TASK TO COMPLETE =
Only the lines below from the one containing "If you want" through the one containing "Hello everyone, this" belong in the answer, repeated exactly and without pictures.

SUPPLIED MATERIAL =
********
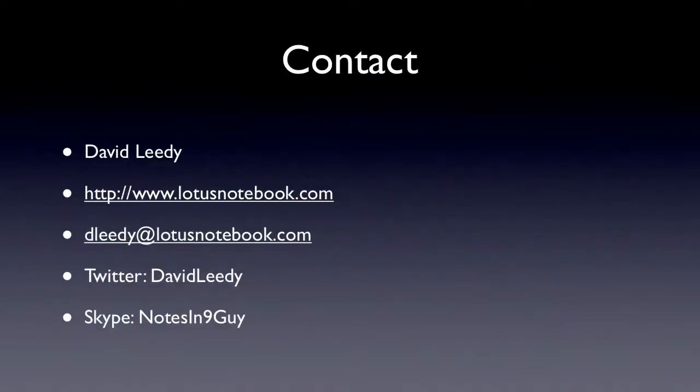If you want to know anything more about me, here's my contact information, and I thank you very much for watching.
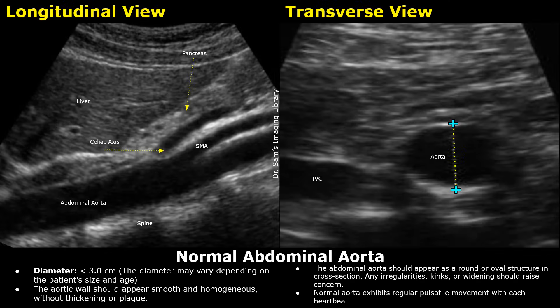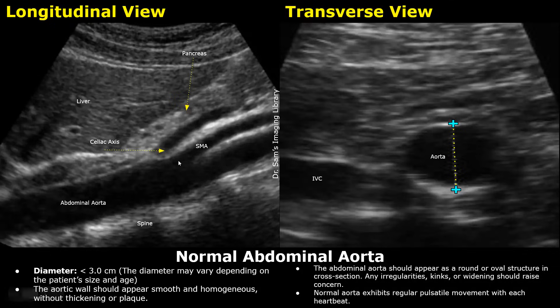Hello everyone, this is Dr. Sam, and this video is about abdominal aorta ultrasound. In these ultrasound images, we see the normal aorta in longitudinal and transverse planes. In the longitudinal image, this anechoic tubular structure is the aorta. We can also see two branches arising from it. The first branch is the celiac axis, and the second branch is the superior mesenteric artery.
********
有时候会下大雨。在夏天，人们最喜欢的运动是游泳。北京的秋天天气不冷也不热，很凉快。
********
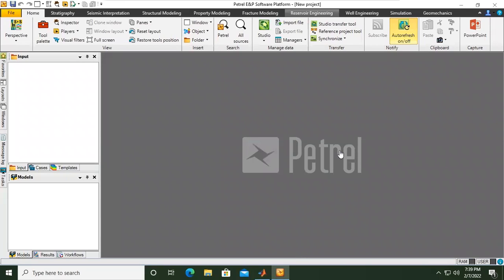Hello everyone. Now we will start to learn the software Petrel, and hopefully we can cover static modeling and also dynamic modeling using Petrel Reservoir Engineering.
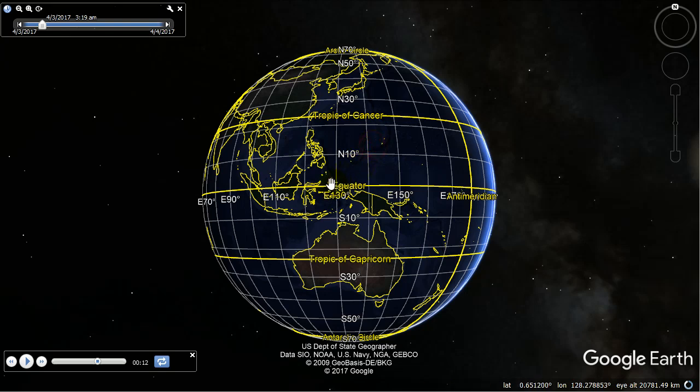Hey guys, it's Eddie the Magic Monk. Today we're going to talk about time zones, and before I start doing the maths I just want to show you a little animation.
********
ANSWER FOR THE TASK =
If you want to know anything more about me, here's my contact information, and I thank you very much for watching.
Hello everyone, this is Dr. Sam, and this video is about abdominal aorta ultrasound. In these ultrasound images, we see the normal aorta in longitudinal and transverse planes. In the longitudinal image, this anechoic tubular structure is the aorta. We can also see two branches arising from it. The first branch is the celiac axis, and the second branch is the superior mesenteric artery.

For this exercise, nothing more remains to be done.